On the outside, there is nothing but drop-dead sexiness. The Solstice is quite simply gorgeous, mmm-mmm-mmmmmmmmm!. Lovely scallops adorn both front fenders, and tight but smooth-topped waves flow over the rear fenders. The roofline is low and forward-sloping. The doors are mostly simple but serve as an excellent transition from the front to the rear. The Solstice knows you want it. It is such a confidently, low-slung, beautiful car. It is dressed to kill, and built to thrill.
The body panels are made of hydroformed sheet metal, an automotive industry production car first. Those sexy, deep curves are possible because hydroformed sheet metal can have deeper draws than traditional stampings. A water bath resists compression as the single die tool pushes the sheetmetal onto the water, thus forming this body you can’t stop drooling over. All but one pair of panels (and it’s a small pair at that) is made through this new process.
The Solstice’s sheetmetal even opens beautifully for you. The clamshell hood looks almost as good rotated fully about its front hinges as when it is locked into place and a part of the very complete, lovely body. The decklid pops open in a fashion similar to the hood, though is slightly less dramatic for its smaller surface area. With everything open, this car looks incredibly exotic. Can you imagine owning a machine like this for $20,000? Those curves get it real respect. It is one of the more commented-on cars on the road. It even got a big thumbs up and an approving glance from one lucky 2006 Corvette Z06 owner. It's just so sexy. It's just so far beyond almost everything else out there, and especially considering the price. You gotta love it.

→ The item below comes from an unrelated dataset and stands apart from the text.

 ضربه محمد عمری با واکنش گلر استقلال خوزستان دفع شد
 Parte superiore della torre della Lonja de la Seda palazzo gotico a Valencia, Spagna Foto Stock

So what's the balance of things? It's got very good suspension tuning; it’s a blast to drive but comfortable to ride in for extended lengths of time. The interior is poor, but that's ignorable. If you're inside the car, you should be focusing on your right to pursue happiness on any given road. If you're in the trunk, it should be momentarily to operate the top or drop in a small piece of luggage. Wanna enjoy some fine artwork? Step back from the interior, close the doors and...just...golly, look at those lines! They're almost inappropriate! It would have never had a place on Leave it to Beaver - Ms. Cleaver would have fainted at the sight of the Solstice's sensuousness.
The powertrain is weak, but shifting action is good and there's enough power to chirp the tires under acceleration, and you will have no trouble performing smoky donuts. The steering and handling are wonderful, such that it is a great joy to drive the Solstice, despite powertrain woes. It's a perfectly fun little weekend driver, or a race-to-work-the-long-way car, or drop the top and feel the wind tickle your hair and left arm and remember you're alive car. It is, literally, what any decent or better roadster is - sensational. And one can be had for just $20,000. Honestly, what else can you get for that price that offers this kind of handling? Is there anything even twice this price that could be such a sex symbol? What else can you even buy within this price range (ok, its key competitor of course, but what else?) that simply drops its top? It’s even cheap as a convertible, let alone a car that gives an amazing driving experience. There is a lot of love, a lot of value, in this tiny little package. That's why we know you will want to take one home and hold it like you’ll never let it go.